Reinhardt Gruen, enfurecido por el modo chapucero en que se había llevado la situación en Washington, extendió bruscamente la mano en la que tenía el teléfono móvil. El asistente de la isla de Pericles se lo retiró al instante y lo sustituyó por una gruesa toalla. Gruen, secándose, se apartó de la piscina.

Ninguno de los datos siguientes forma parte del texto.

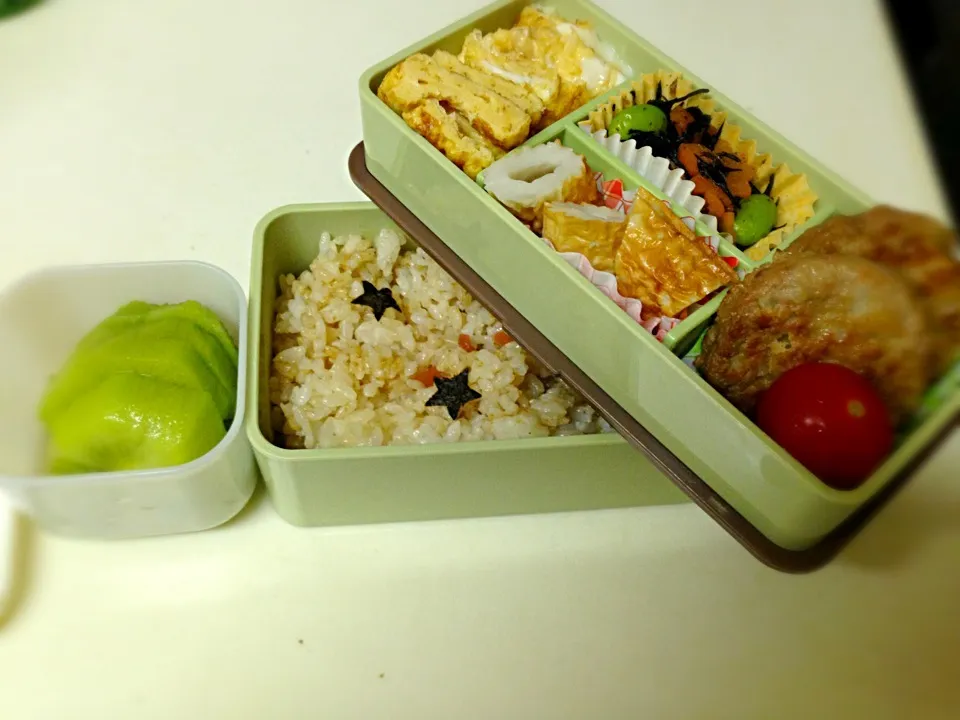 カリカリ梅ご飯弁当|まゆさん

—¿Ya te rindes? —dijo a su espalda Brian Collum, desafiante—. Una carrera más. ¿Qué me dices, Reinhardt? Vamos, hombre. ¡Vamos!

«Malditos americanos», murmuró Gruen entre dientes.

—No os quitéis los bañadores. Volveré.

Encontró a Martin Chapman sentado tras su escritorio, en su despacho, rodeado de esculturas clásicas de mármol que había reunido en Grecia, dispuestas sobre pedestales. Ante él estaban alineados los cuatro traductores de la biblioteca, dos hombres y dos mujeres, vestidos de esmoquin para ayudar a servir en el banquete. Todos ellos eran eruditos encanecidos, y tenían los hombros hundidos, como las personas que se han pasado muchas horas leyendo libros. Sus conocimientos eran fundamentales para que el club de bibliófilos pudiera hacer uso de la biblioteca y disfrutarla; y, por tanto, se trataba a cada uno de ellos con cierto grado de deferencia. Tanto más a los bibliotecarios…, salvo cuando se llegaba a dudar de su lealtad.

Gruen adoptó una sonrisa.

—Ya veo que estás intrigando con nuestros grandes traductores, Martin. ¿No habrás terminado ya, por casualidad? Quisiera tener unas palabras contigo.

Chapman puso sobre su escritorio dos hojas de papel, que cubrió después con la mano con ademán posesivo.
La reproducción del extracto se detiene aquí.